[Records from a collection]
------------------------------

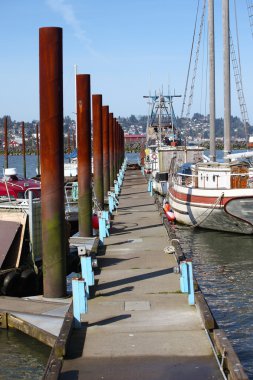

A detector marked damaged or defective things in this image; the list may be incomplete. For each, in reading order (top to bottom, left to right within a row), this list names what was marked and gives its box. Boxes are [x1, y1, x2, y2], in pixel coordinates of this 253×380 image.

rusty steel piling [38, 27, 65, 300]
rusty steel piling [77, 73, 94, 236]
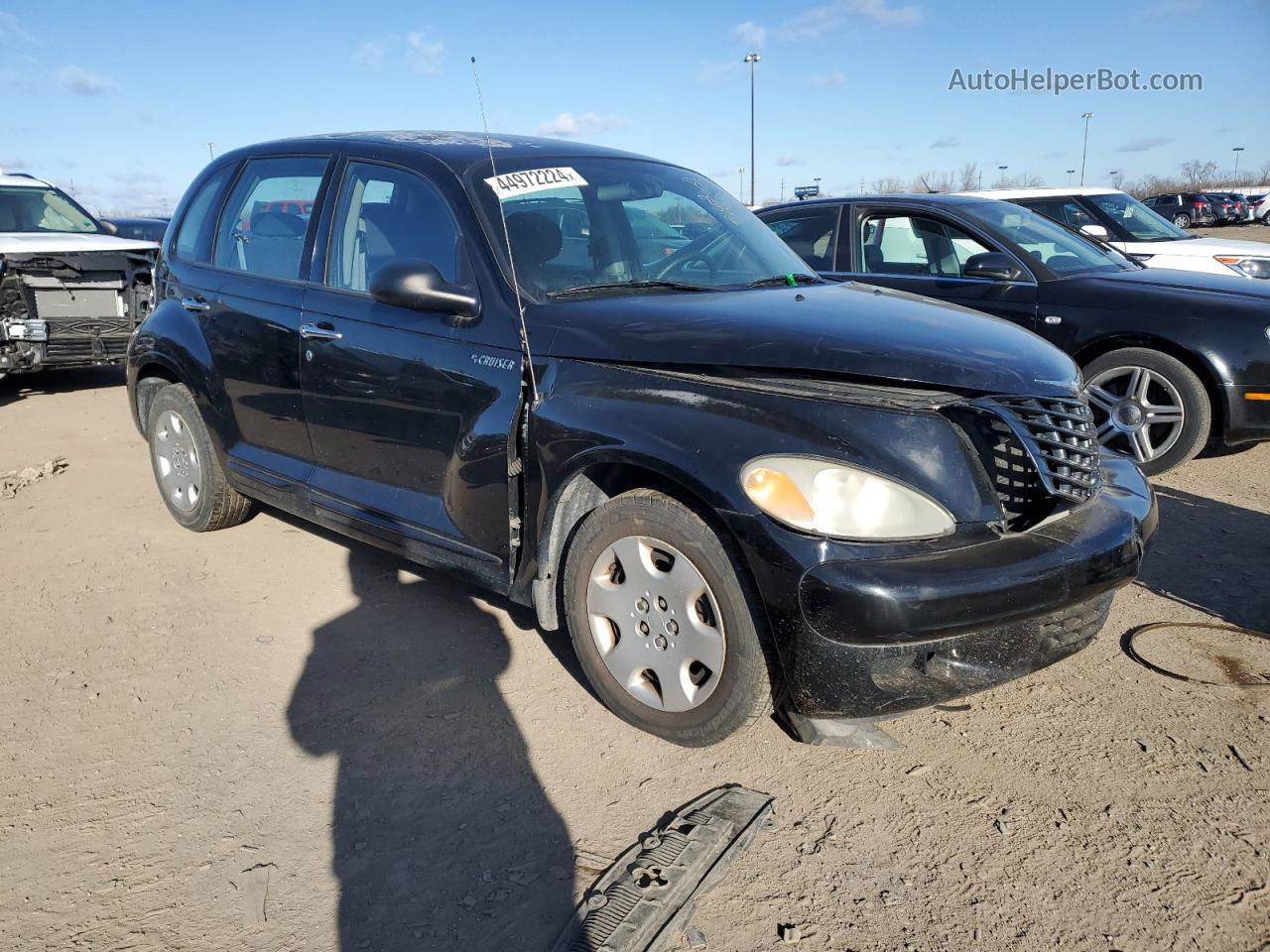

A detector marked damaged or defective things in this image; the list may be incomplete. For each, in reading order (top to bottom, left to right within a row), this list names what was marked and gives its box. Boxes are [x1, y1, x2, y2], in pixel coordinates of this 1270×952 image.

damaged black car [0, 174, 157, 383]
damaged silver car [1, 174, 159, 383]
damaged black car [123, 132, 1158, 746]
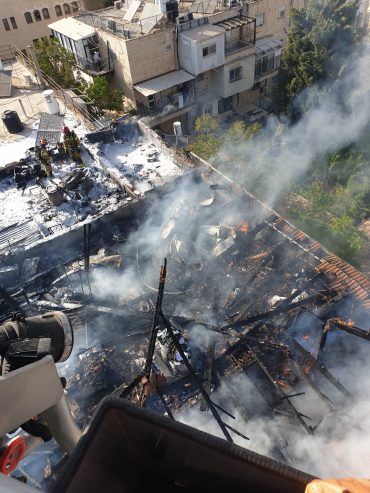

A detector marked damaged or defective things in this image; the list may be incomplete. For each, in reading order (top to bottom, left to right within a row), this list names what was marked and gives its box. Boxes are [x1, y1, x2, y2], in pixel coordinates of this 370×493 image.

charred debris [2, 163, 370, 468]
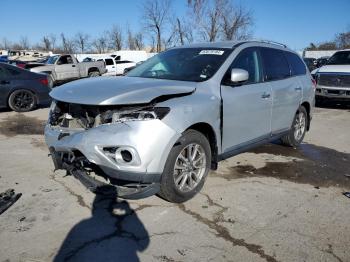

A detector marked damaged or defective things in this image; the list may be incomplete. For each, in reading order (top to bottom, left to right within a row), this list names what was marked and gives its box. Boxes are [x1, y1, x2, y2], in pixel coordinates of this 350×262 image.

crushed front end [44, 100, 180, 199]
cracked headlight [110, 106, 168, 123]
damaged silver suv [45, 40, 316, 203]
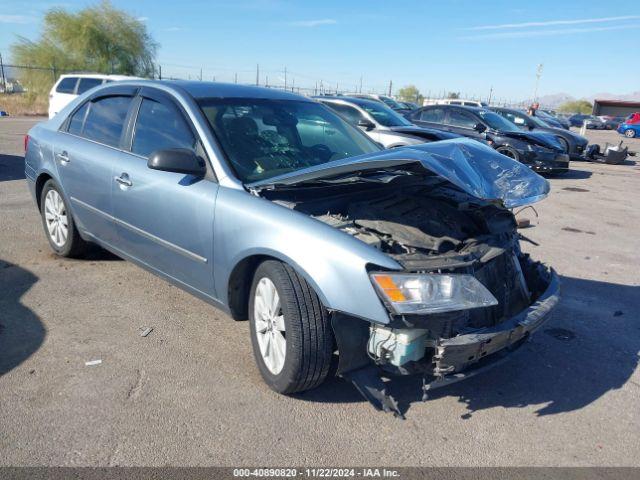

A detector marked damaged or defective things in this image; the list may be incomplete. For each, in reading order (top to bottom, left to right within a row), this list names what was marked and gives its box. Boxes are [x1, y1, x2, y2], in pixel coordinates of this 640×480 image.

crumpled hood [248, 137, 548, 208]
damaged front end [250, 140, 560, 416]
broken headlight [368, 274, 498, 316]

------------------------------

Output each entry verbatim; none of the pictures should be included.

* **Task output**
A detector marked damaged or defective things in this image; the list may be incomplete. For each, in reading order (top to bottom, left to right within a row), this list names what was marked and gives its box. Boxes are [x1, y1, x2, y2], in pixel coordinates of this 253×380 image.

rusty steel piling [38, 27, 65, 300]
rusty steel piling [77, 73, 94, 236]

A detector marked damaged or defective things in this image; the list may be incomplete. For each, in reading order (top to bottom, left to right within a row), this list names what was marked and gives its box. Boxes are [x1, y1, x2, y2], in pixel coordinates of this 1270×952 image.

damaged black car [0, 174, 157, 383]
damaged silver car [1, 174, 159, 383]
damaged black car [123, 132, 1158, 746]

A detector marked damaged or defective things in this image; the list may be incomplete. For each, in reading order (top to bottom, left to right within a row), this list names what was marked and gives its box. Boxes are [x1, y1, x2, y2], in pixel coordinates of this 370×493 image.

charred debris [2, 163, 370, 468]

A detector marked damaged or defective things in this image; the list may be incomplete. For each, in reading order (top to bottom, left to right within a row), this list names what was marked and gives its box. Boxes are [x1, y1, x2, y2], in pixel coordinates of this 350×262 image.

crushed front end [44, 100, 180, 199]
cracked headlight [110, 106, 168, 123]
damaged silver suv [45, 40, 316, 203]

A detector marked damaged or defective things in this image; the list may be incomplete. For each, in reading order (top to bottom, left to right within a row), this list names what was marked and gives its box. Boxes are [x1, y1, x2, y2], in pixel coordinates of this 640×480 image.

crumpled hood [248, 137, 548, 208]
damaged front end [250, 140, 560, 416]
broken headlight [368, 274, 498, 316]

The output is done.